(ACTION ITEM) Begin at the line containing "Rèm cầu vồng" and copy each line exactly through the end of the records, leaving out what comes before.

━━ RAW DATA

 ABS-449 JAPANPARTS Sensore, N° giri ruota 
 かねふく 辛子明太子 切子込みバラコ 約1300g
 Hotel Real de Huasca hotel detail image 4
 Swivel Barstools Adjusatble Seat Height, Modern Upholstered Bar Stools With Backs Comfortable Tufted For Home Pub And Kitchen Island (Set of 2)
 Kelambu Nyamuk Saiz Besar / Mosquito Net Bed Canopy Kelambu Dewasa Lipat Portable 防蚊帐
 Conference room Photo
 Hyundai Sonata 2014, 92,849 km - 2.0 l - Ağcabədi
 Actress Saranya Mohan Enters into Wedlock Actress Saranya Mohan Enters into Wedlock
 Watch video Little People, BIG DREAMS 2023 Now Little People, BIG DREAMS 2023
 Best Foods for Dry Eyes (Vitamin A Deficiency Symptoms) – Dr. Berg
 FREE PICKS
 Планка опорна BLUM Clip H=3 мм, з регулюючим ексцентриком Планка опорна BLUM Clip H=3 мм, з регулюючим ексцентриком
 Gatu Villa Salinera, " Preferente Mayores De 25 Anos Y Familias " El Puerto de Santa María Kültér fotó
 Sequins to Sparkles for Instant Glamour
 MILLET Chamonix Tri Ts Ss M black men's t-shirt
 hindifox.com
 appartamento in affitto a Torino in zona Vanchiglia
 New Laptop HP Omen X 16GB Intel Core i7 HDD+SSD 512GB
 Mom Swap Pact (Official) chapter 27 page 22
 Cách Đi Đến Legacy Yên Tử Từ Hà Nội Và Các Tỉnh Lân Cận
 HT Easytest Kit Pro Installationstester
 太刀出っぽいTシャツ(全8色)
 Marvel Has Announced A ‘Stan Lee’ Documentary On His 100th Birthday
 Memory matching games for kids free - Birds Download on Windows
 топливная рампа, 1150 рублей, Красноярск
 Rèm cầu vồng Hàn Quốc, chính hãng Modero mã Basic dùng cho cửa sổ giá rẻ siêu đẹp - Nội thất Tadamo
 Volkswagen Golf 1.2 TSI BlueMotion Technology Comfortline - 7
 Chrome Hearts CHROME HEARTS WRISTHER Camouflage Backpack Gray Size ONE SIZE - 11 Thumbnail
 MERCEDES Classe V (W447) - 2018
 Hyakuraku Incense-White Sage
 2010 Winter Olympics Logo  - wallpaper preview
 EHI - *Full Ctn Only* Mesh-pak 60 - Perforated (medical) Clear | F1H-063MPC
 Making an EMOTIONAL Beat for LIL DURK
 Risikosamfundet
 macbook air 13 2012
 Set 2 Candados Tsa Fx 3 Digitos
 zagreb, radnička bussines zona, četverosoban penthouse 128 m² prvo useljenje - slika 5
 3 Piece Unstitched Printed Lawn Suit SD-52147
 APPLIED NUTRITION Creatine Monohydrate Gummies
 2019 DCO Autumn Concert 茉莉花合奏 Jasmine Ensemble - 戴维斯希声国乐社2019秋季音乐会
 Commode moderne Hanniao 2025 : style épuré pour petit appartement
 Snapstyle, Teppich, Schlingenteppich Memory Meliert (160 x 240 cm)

━━━━

(SOLUTION TO THIS EXERCISE)
 Rèm cầu vồng Hàn Quốc, chính hãng Modero mã Basic dùng cho cửa sổ giá rẻ siêu đẹp - Nội thất Tadamo
 Volkswagen Golf 1.2 TSI BlueMotion Technology Comfortline - 7
 Chrome Hearts CHROME HEARTS WRISTHER Camouflage Backpack Gray Size ONE SIZE - 11 Thumbnail
 MERCEDES Classe V (W447) - 2018
 Hyakuraku Incense-White Sage
 2010 Winter Olympics Logo  - wallpaper preview
 EHI - *Full Ctn Only* Mesh-pak 60 - Perforated (medical) Clear | F1H-063MPC
 Making an EMOTIONAL Beat for LIL DURK
 Risikosamfundet
 macbook air 13 2012
 Set 2 Candados Tsa Fx 3 Digitos
 zagreb, radnička bussines zona, četverosoban penthouse 128 m² prvo useljenje - slika 5
 3 Piece Unstitched Printed Lawn Suit SD-52147
 APPLIED NUTRITION Creatine Monohydrate Gummies
 2019 DCO Autumn Concert 茉莉花合奏 Jasmine Ensemble - 戴维斯希声国乐社2019秋季音乐会
 Commode moderne Hanniao 2025 : style épuré pour petit appartement
 Snapstyle, Teppich, Schlingenteppich Memory Meliert (160 x 240 cm)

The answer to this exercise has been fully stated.